En una situación inesperada y casi ajena a mi voluntad, estuve en el pasado Festival taurino. Fueron más de diez años sin asistir a una corrida de toros; no en vano fui adoctrinada, primero por mis hijos cuando eran pequeños y luego por amigos amantes de los animales, aunque sin llegar a convertirme en antitaurina, pues mi lugar común es estar del lado de las minorías y vaya que lo son los amantes de los toros.
Me sentí inmersa en un torbellino de emociones. Por un lado, cierta vergüenza de haber traicionado mis recién adquiridos principios. Por el otro, el deleite al apreciar de nuevo la belleza del lugar y del espectáculo en sí, las caras alegres, la belleza de las personas, la cordialidad, el himno a grito herido, la majestuosidad de los toros, la valentía del torero, el arte de la lidia. Pronto llegó la tristeza a causa de la pica, las banderillas y la sangre: mi cara hacia el lado, un impulso de querer embriagarme para ahogar la pena, el sentimiento de culpa por estar allí.

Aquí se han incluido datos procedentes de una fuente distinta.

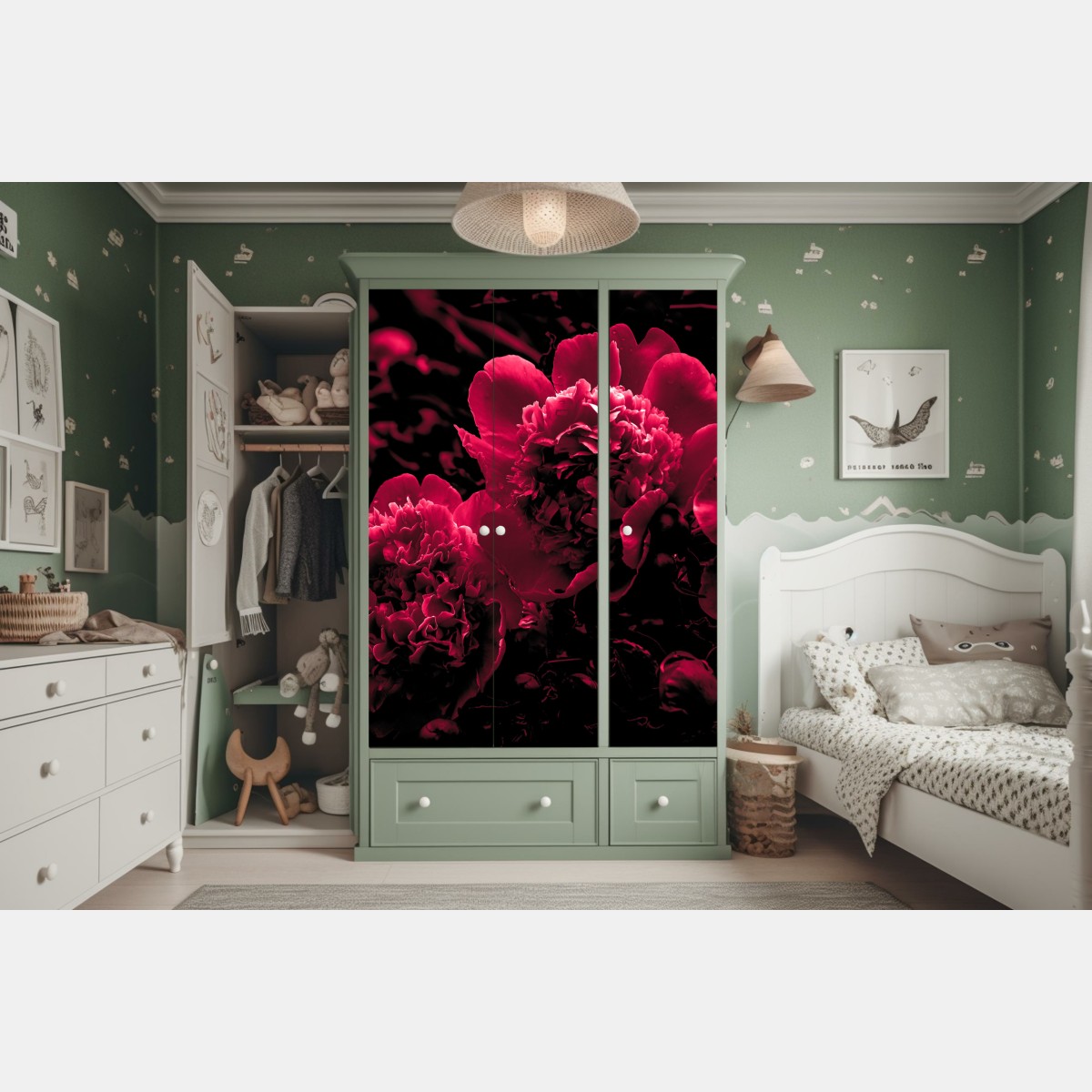 Naklejka na szafę nastrojowe różowe piwonie – Wallissimo® Naklejka na szafę nastrojowe różowe piwonie – Wallissimo®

Pero de nuevo los olés, los pasodobles, el batir de los pañuelos, las peticiones de indulto (si eran justificadas bajo el rigor de las reglas no importa aquí), la fiesta y su magia.
Durante mi abstracción, empecé a fijarme en los jóvenes hasta de unos trece años que miraban alelados los movimientos del torero y su faena, a observar la coexistencia de varias generaciones en un ritual que cada vez más pocos entienden, a recordar el espectáculo de las velas encendidas, el rezo de la oración a la Virgen de La Macarena, el fervor con el que se canta el himno de Manizales, y no pude más que aceptar que este rito merece ser tratado con respeto. Sin pretender entrar en un debate que a mi juicio no tiene posibilidad de ser ganado desde los argumentos, puesto que cada uno de los bandos tiene razones válidas, me parece que este es un asunto más de sensibilidad que de razones.
El apego a las tradiciones acentúa la identidad cultural de un territorio. Es innegable que la Feria de Manizales en su conjunto le confiere a esta ciudad unos atributos que la hacen orgullo de propios y extraños. No obstante, los tiempos cambian y son inevitables las transformaciones a medida que evoluciona la consciencia colectiva. Creo que la prohibición no es el camino. Y aunque estrategias como el abono Joven han sido exitosas para mantener la afición, más temprano que tarde disminuirá, y al igual que los reinados, la fiesta brava tenderá a desaparecer de forma espontánea.
Mi escenario ideal sería aquel en el que se conservara esta tradición centenaria, pero introduciendo nuevas reglas que impidieran el sufrimiento del animal y su muerte. Sé que estoy metiéndome en camisa de once varas, pero no creo que sea imposible.